The complete genomic sequences of both viruses were determined. Total RNA was extracted from the patient's lung biopsy material, from tissue culture cells in which the patient's virus isolate was propagated, and from the commercially available Moraten vaccine virus (Attenuvax, Merck, Sharpe, & Dohme, West Point, Pennsylvania) by using TRIzol LS reagent (Life Technologies, Grand Island, New York) according to the manufacturer's protocol. The RNA was reverse transcribed to complementary DNA by using random hexamers and Murine Moloney Leukemia Virus Reverse Transcriptase (Perkin-Elmer Cetus RT-PCR kit reagents, Perkin-Elmer Cetus, Branchburg, New Jersey). The complementary DNA was then amplified by polymerase chain reaction (PCR) to create overlapping fragments that spanned the entire 15 894 nucleotide-long measles genome by using measles virus-specific oligodeoxynucleotide primer pairs whose design was based on the known Edmonston measles virus sequence . The PCR products were directly sequenced, without cloning, to obtain a consensus sequence by the dideoxy terminator cycle-sequencing method (ABI PRISM 377 sequencer and the ABI PRISM sequencing kit; Perkin-Elmer Cetus, Foster City, California). Both strands of the DNA were sequenced to eliminate possible ambiguities. The only two differences, out of the total 15 894 bases determined for each viral genome, are shown. The open-reading frames (boxes) coding for the N (nucleocapsid), P (phosphoprotein polymerase cofactor), M (matrix), F (fusion), H (hemagglutinen), and L (polymerase) proteins and the leader, trailer, and intercistronic regions (lines) are delineated in the measles virus genome (negative sense RNA) shown.

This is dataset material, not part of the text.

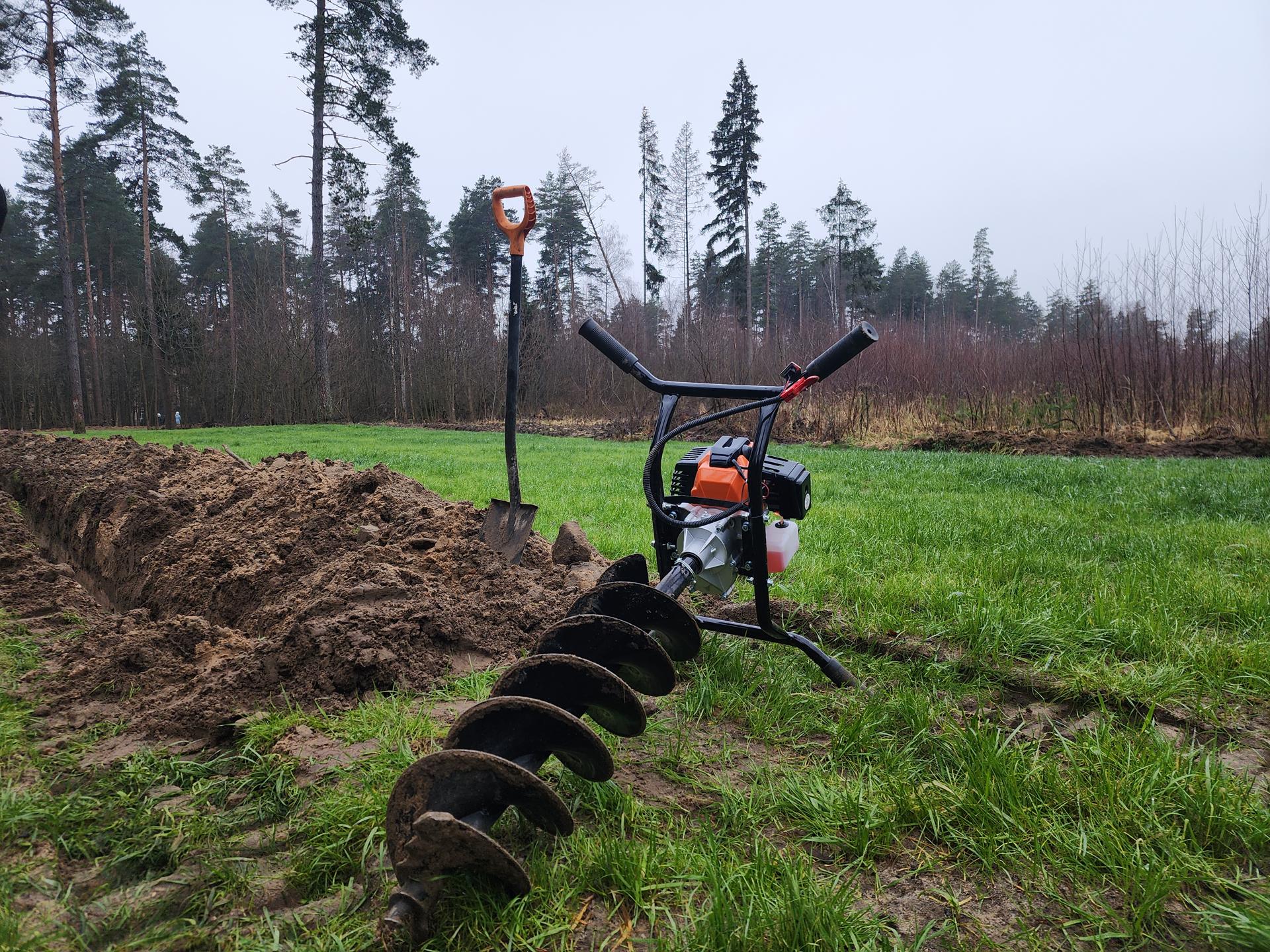 Процесс монтажных работ вдоль пешеходной тропы в Черноноголовке. Фото: МедиаБанк Подмосковья/Иван Петрушин 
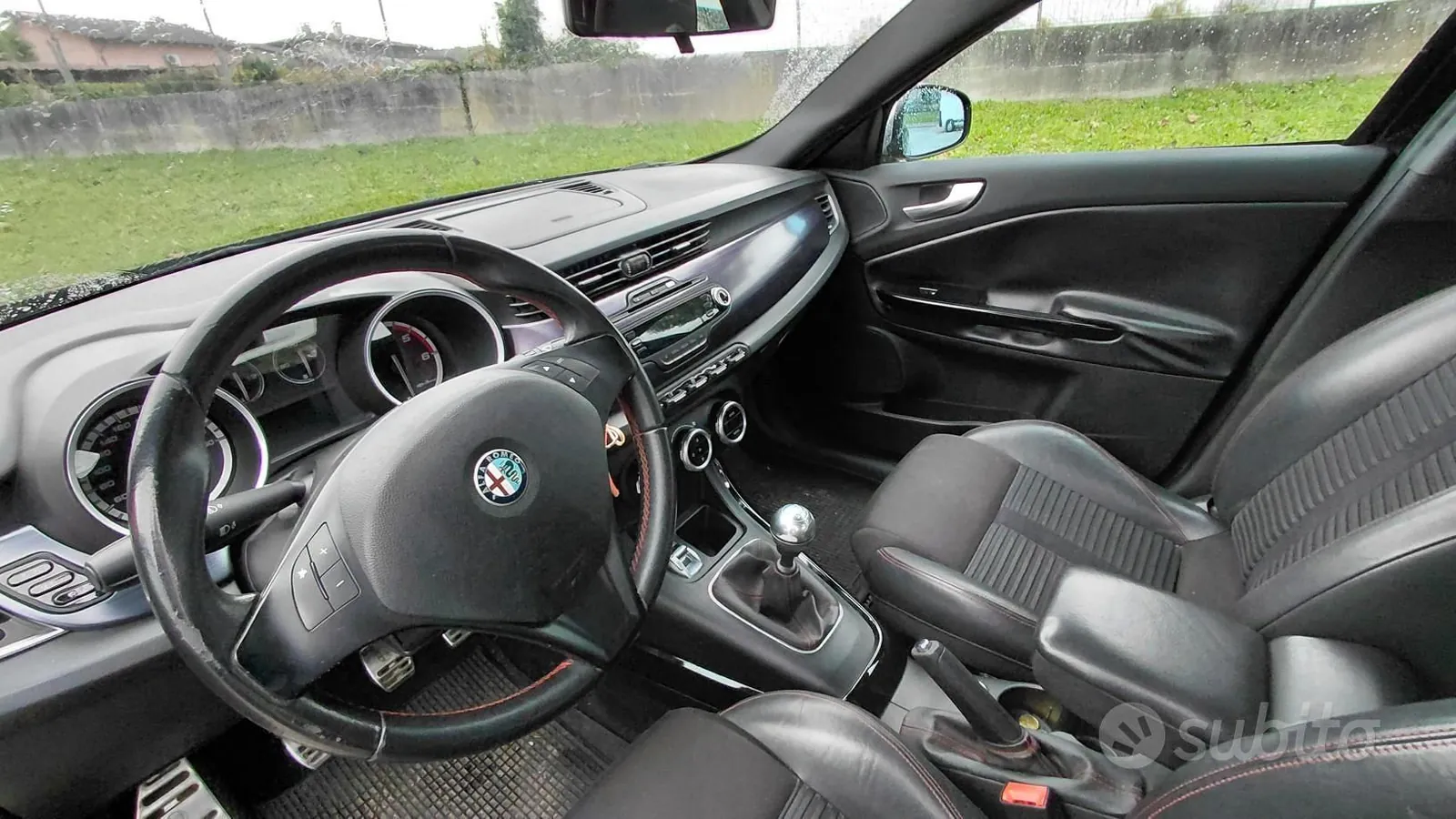 Alfa Romeo Giulietta 2011 photo 4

All distances are proportional to their actual size within the genome. Arrows indicate the position of the nucleotide differences between the genome of the patient's measles virus and that of the Moraten vaccine virus. The nucleotide positions are given in reference to the genomic position (out of 15 894 bases total). The amino acid positions are based on the coding potential of the H (618 aa) and L (2183 aa) open-reading frames.